Object files? Global symbols? Nah. C functions are simple Forth words.

Harmonized Assembly Layer

Dusk features what we call the Harmonized Assembly Layer (HAL for short). This is a cross-CPU assembler, on which the C compiler relies, which prioritizes implementation and usage simplicity, but is also designed to generate efficient native code.

Shortest path to self-hosting for an "almost C" compiler

Dusk OS self-hosts in about 500 lines of assembly and a few hundred lines of Forth (the exact number depends on the target machine). From there, it bootstraps to DuskCC, which is roughly 1000 lines of Forth code. To my knowledge, Dusk OS is unique in that regard.

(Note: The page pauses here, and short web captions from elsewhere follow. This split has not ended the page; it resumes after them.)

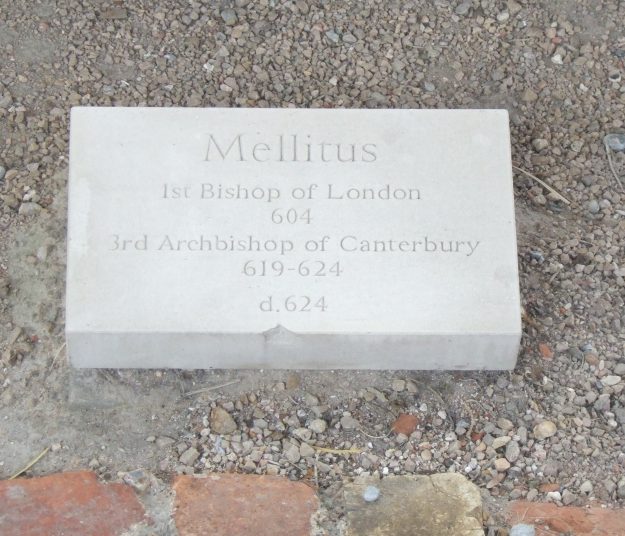 Steen ter markering van het graf van Mellitus in de de abdij van Augustinus, Canterbury. Foto Leon Mijderwijk 2007.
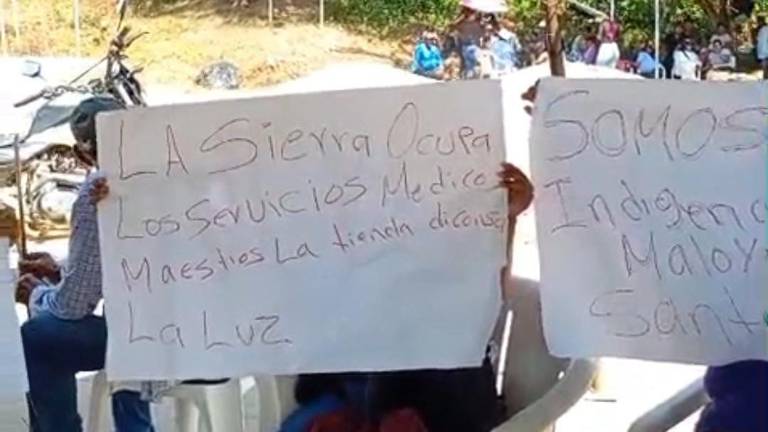 Con pancartas en mano, habitantes de la sierra de Rosario bloquean la carretera estatal hacia Santa María para exigir servicios básicos y atención urgente.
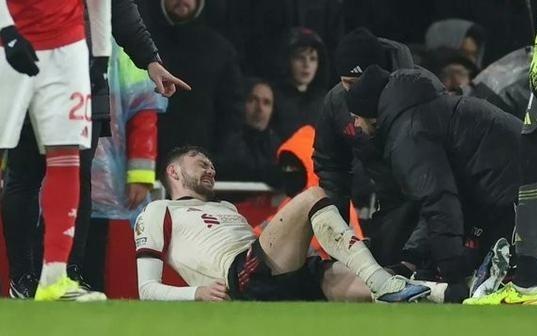 伤势不容乐观，跟队：布拉德利赛后拄拐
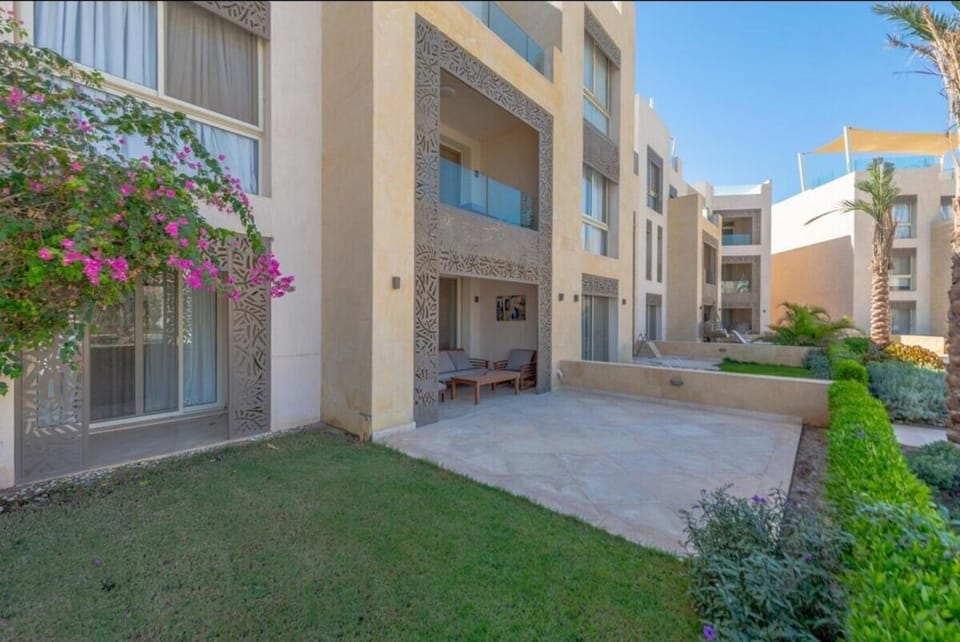 Mangroovy- 1br GF Waterfront Glitzy direct pool Apartment in Hurghada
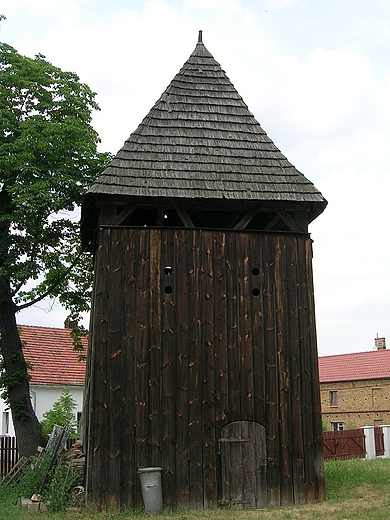 Paww Trzebnicki - drewniana dzwonnica z p.XIX w.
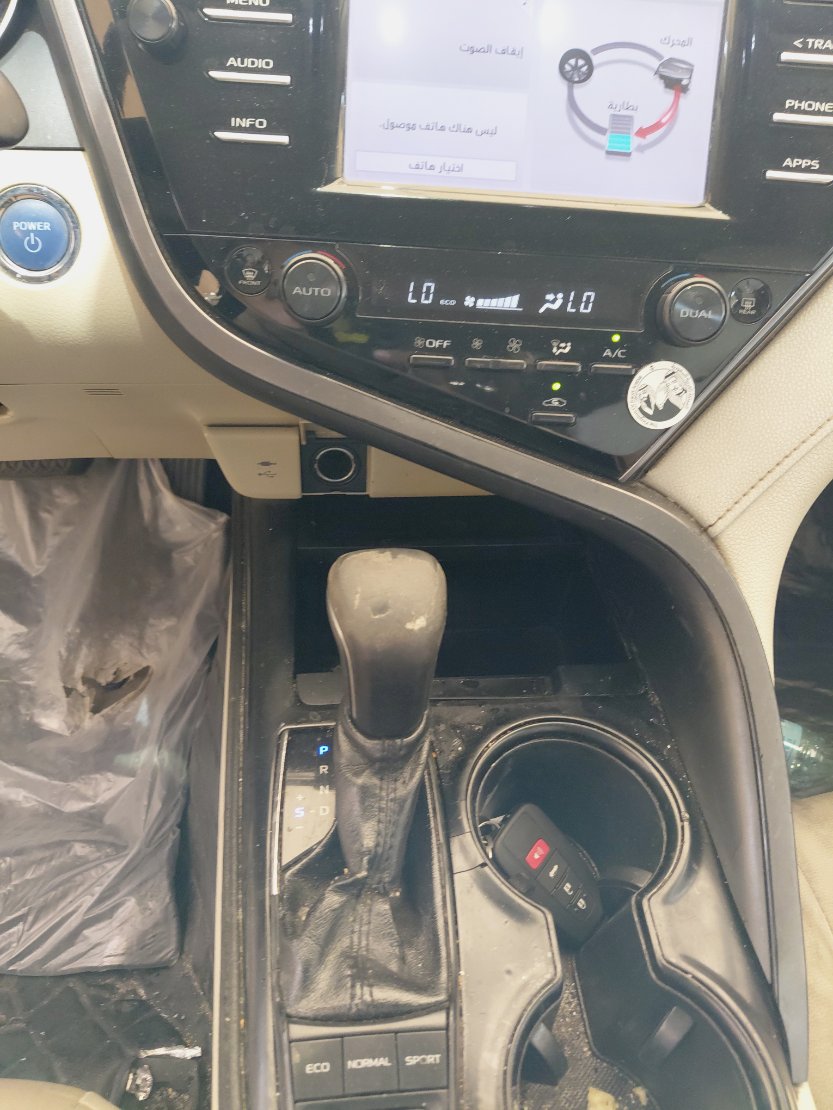 تويوتا كامري GLE HEV  2020 image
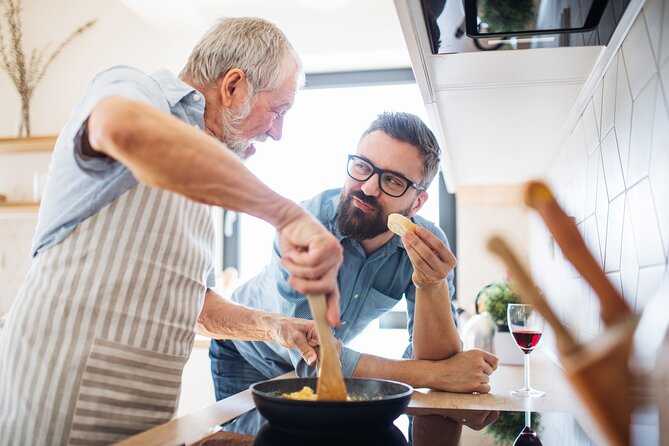 Pasta Fresca Hands-on Cooking Class with a Local in Como - English instruction and learning value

You can pick any C compiler that requires POSIX and it will automatically require orders of magnitude more lines of code to bootstrap because you need that POSIX system in addition to the C compiler. So even if you pick a small C compiler such as tcc, you still need a POSIX system to build it, which is usually in the millions of LOCs.

To be fair, Dusk OS is not the first project thinking of optimizing that path. Efforts at making our modern software world bootstrappable lead to an "almost C", M2-Planet with a feature set comparable to DuskCC with very few lines of code. M2-Planet itself is about 5K lines of code and the various stages that lead to it are generally a few hundred lines each. The project initially ran on top of regular kernels (as in "fat kernels with lots of code"), but some bare metal stages (1, 2) were created and now this little chain end up being comparable to Dusk in terms of lines of code. Still more than Dusk, but in the same ballpark.

Although this path is short and technically leads you to an "almost C" compiler, you can hardly use it because it has no "real kernel" (those bare metal stages mentioned above are enough to compile M2-Planet, but really not much else, they're extremely limited) and no shell. You'll need those if you want to use your shiny compiler.

One of your best picks, should you try this path, would be Fiwix, a minimal POSIX i386 kernel weighting less than 50K lines of C+asm. But then, M2-Planet is not enough. You need to compile tcc (which M2-Planet can compile after having applied a few patches) which weights 80K. Userspace is worse. Bash+coreutils are 400K, even busybox is 190K. We still end up with a pretty minimal and simple system, but it's still a lot more code than Dusk.

So, unless someone tells me about some option I don't know about, DuskCC is quite innovative on the aspect of self-hosting path length.

Dusk OS is pretty fast

The code generated by Dusk OS holds pretty well to modern compilers with fancy optimizations and millions of lines of code.

In a Byte Sieve benchmark done on a i386 NetBSD system, the DuskCC version of the sieve is almost as fast as GCC's unoptimized build and the HAL's translation of the Sieve algorithm blows past GCC's unoptimized build to nearly reach the speed of GCC -O2!

And it gets better! HAL's design allows efficiency to naturally "bubble up" to higher level code with impressive results. For example, there's the "charcount" example which pits Dusk's rfind against POSIX's regex(3). For this particular and simple use case (count occurrences of characters range in a big file), Dusk is 15% faster than Debian bookworm amd64's regex(3) implementation.